The quantity of money in the United States is not reduced by any of these operations and thus there is no basis for overall spending in the United States being reduced either. And to whatever extent the quantity of money might be reduced, say because Indians wish to add some of the dollars they have earned to their cash reserves, the reduction is more than made up by the continuing increase in the overall quantity of money, an increase that we have seen would occur even under the purest gold standard, though, of course, at a less rapid rate than is the case today.43 The only reasonable conclusion to be drawn from all this is that the overall average of money wage rates does not fall as the result of outsourcing. This is because the economy-wide aggregate demand for labor will be rising and almost certainly rising as fast or faster than any increase in the overall aggregate supply of labor.

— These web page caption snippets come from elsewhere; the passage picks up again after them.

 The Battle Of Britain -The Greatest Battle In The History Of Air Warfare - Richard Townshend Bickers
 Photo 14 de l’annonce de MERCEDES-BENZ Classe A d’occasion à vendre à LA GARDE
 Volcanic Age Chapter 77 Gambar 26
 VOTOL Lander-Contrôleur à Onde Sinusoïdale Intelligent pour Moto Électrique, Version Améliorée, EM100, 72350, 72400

Competition, Comparative Advantage, and Capital Accumulation
The preceding discussion of outsourcing illustrates the fact that innovation and competition continually change the specifics of comparative advantage, i.e., that which it is relatively most advantageous for a country or an individual to produce. Prior to the advent of modern, high-speed communications, comparative advantage did not include outsourcing. Today, as we have seen, it certainly does. The innovations that resulted in computers, the internet, and greatly improved telephone communications, and the further innovation of seeing how these developments could be fitted together to make possible outsourcing, have given India a comparative advantage that until recently it did not possess. They have also changed what constitutes comparative advantage for the American workers who have been displaced by Indian competition.

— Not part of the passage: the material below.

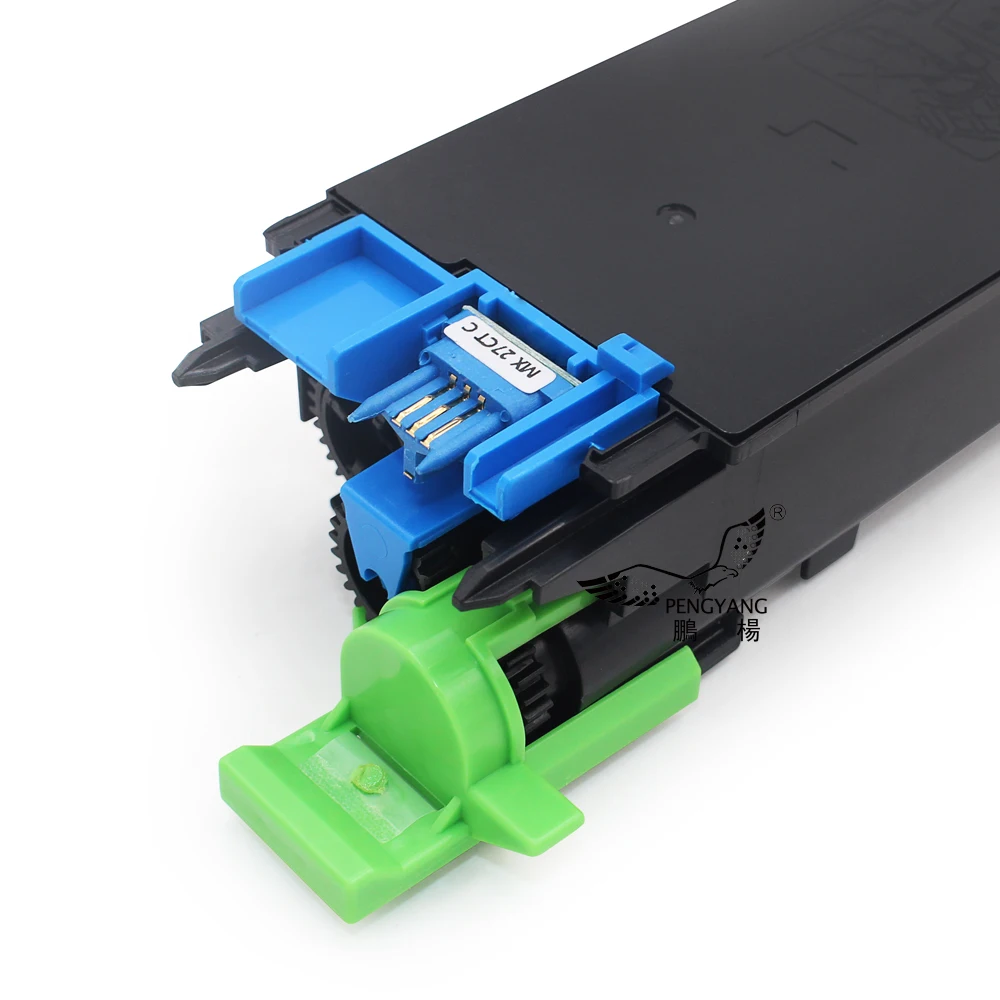 SHARP Compatible COLOUR Toner cartridges MX-27 For SHARP Copier Model MX-2700 2300 2700NJ 3500N 3501N 4500N 4501N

The changing, dynamic nature of comparative advantage is something that has apparently escaped Gomory and Baumol. They appear to believe that comparative advantage is something that once present should thereafter be fixed in its specifics for all time, and when they observe the repeated contradiction of this belief by the facts of reality, they describe the contradictions as matters of historical accident that are independent of market forces. Thus, they write: “In the wine-wool world, market forces, driven by demand and natural advantages, led the world to a single outcome. In today’s world, market forces do not select a single, predetermined outcome, instead they tend to preserve the established pattern, whatever that pattern may be.”44
Gomory and Baumol fail to realize that what the market forces are preserving is precisely comparative advantage and that the comparative advantage was established by market forces emanating from innovation, including that entailed in responses to changes in circumstances. (Indeed, they themselves write: “A war may force some country to invest heavily in some military product, like aircraft, or to develop a chemical industry because the country is cut off from its traditional supplier. Or a single, farseeing entrepreneur can start a company that inaugurates an industry.”45 ) At the same time, they complain about the difficulties of entering into an established industry with high capital requirements and extensive networks of dealers and suppliers without large-scale government aid,46 all the while not realizing that what they are complaining about is nothing other than the difficulties of overcoming someone else’s comparative advantage when there is as yet no market-based reason to do so.

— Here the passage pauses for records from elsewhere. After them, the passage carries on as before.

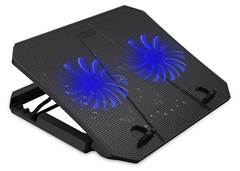 SUPORTE P/NOTEBOOK DAZZ PROPMAX 2 FANS
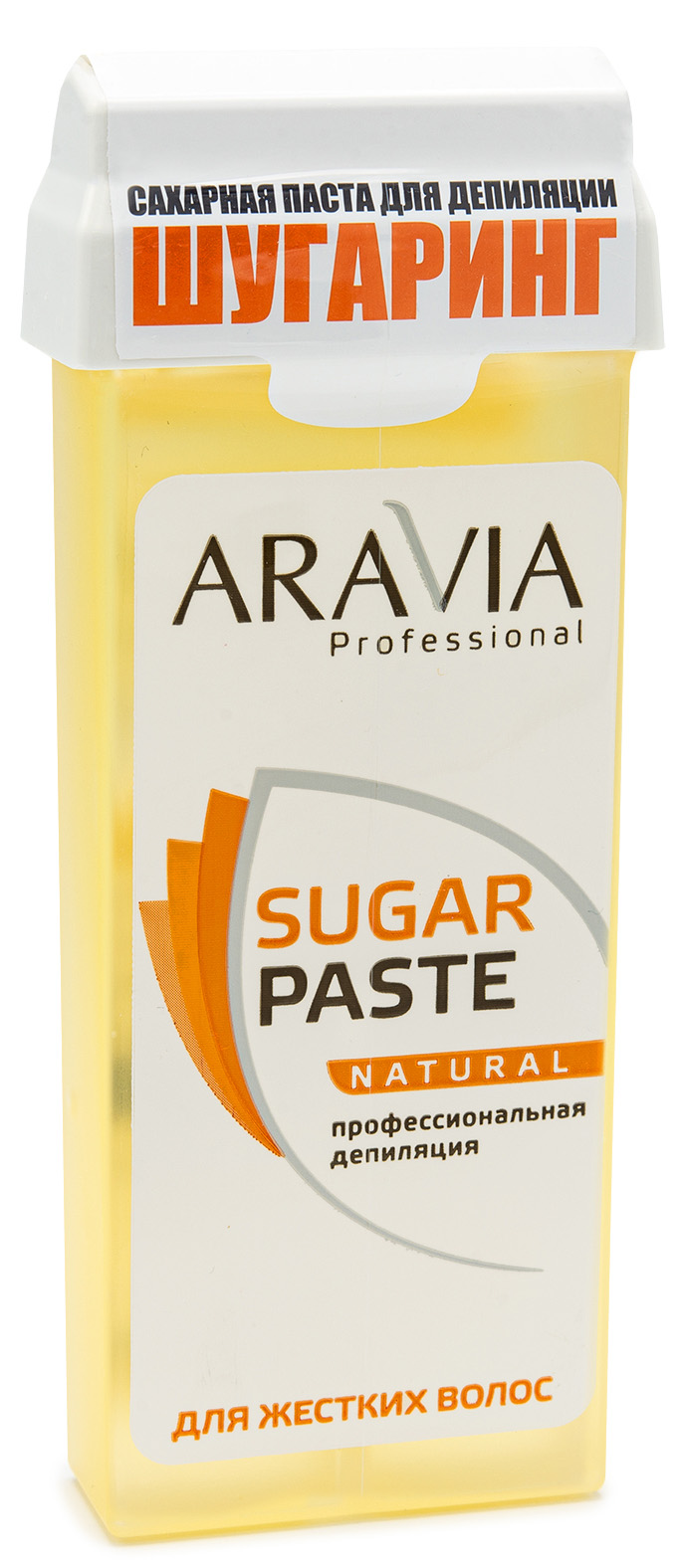 Aravia Professional Сахарная паста для шугаринга в картридже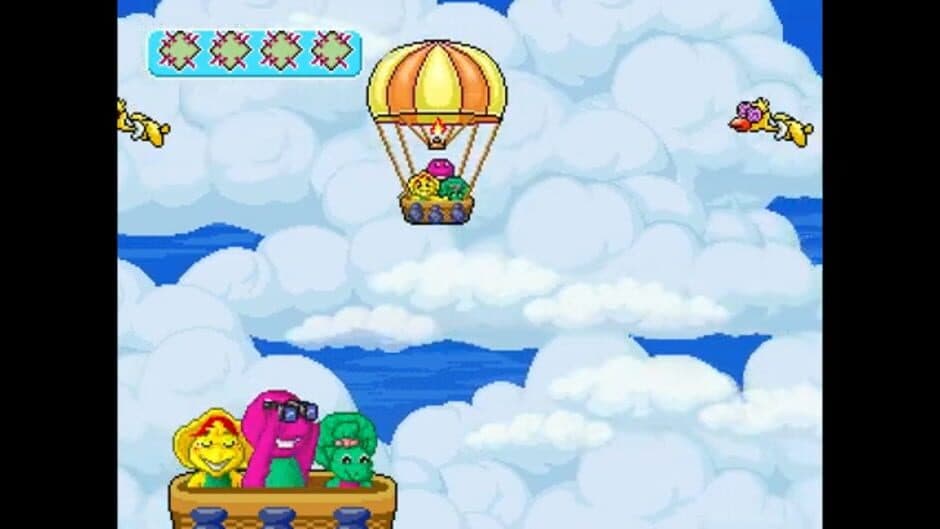 Barney: The Land of Make Believe screenshot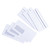 DL Wdw Wallet Env Psea WHT PK1000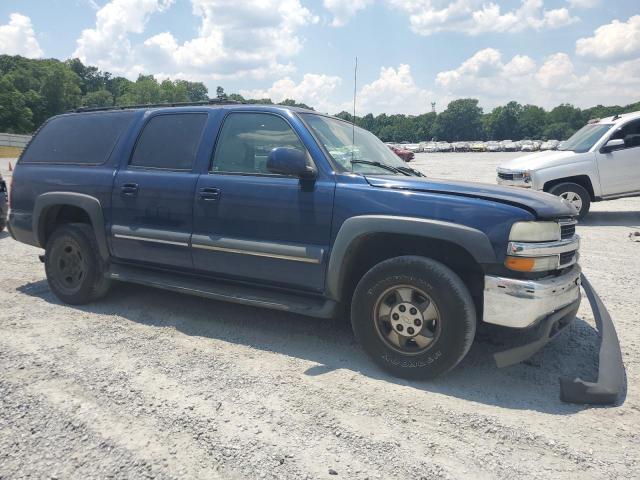 Photo 4 from auction – 2002 CHEVROLET SUBURBAN K with VIN 1GNFK16ZX2J220847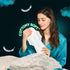 WHISPER 7 Ultra Overnight Sanitary Pads - Pieces (XL Plus)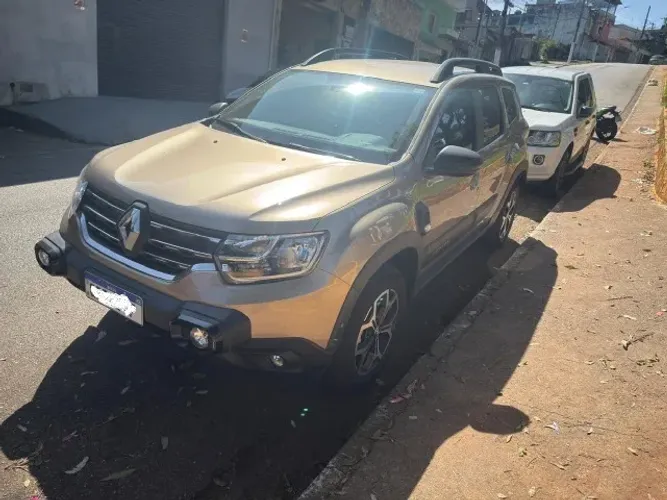 Renault Duster Iconic 1.3 TB 16V Flex Aut. 2023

But enough of Gomory and Baumol. It is necessary to turn to the relationship between comparative advantage and capital accumulation.
We have seen that what enables a previously a backward country to begin to compete successfully with more advanced countries is the investment of capital in its territory. This serves dramatically to raise the productivity of its labor, which, combined with its prevailing low level of wage rates, gives it substantially lower costs of production and thus a corresponding advantage over its competitors in the more advanced countries with their higher level of wage rates.
As rapid capital accumulation proceeds in what has up to now been a backward country, it becomes a growing supplier in one industry after another, correspondingly displacing the producers within the countries to which it exports. Thus China and other East Asian countries now supply us with a major portion of our shoes, clothing, and electronic goods, and the domestic production of these goods has virtually ceased.
Just as in the case of outsourcing, but on a larger scale, the effect is not unemployment in the United States, but a redirection of employment, into lines whose expansion is made possible by means of funds released from the production and purchase of manufactures. Thus, by virtue of being able to buy their shoes, clothing, and electronic goods more cheaply, people have more money available for such things as the purchase of homes and the making of home improvements, for travel and leisure, and all manner of other services. And it is in these lines that new employment opportunities appear. The consequence is that there is no tendency toward a higher rate of unemployment as the result of foreign competition, but merely a change in the lines in which our comparative advantage now lies and thus a corresponding change in specific parts of the economic system in which we are employed.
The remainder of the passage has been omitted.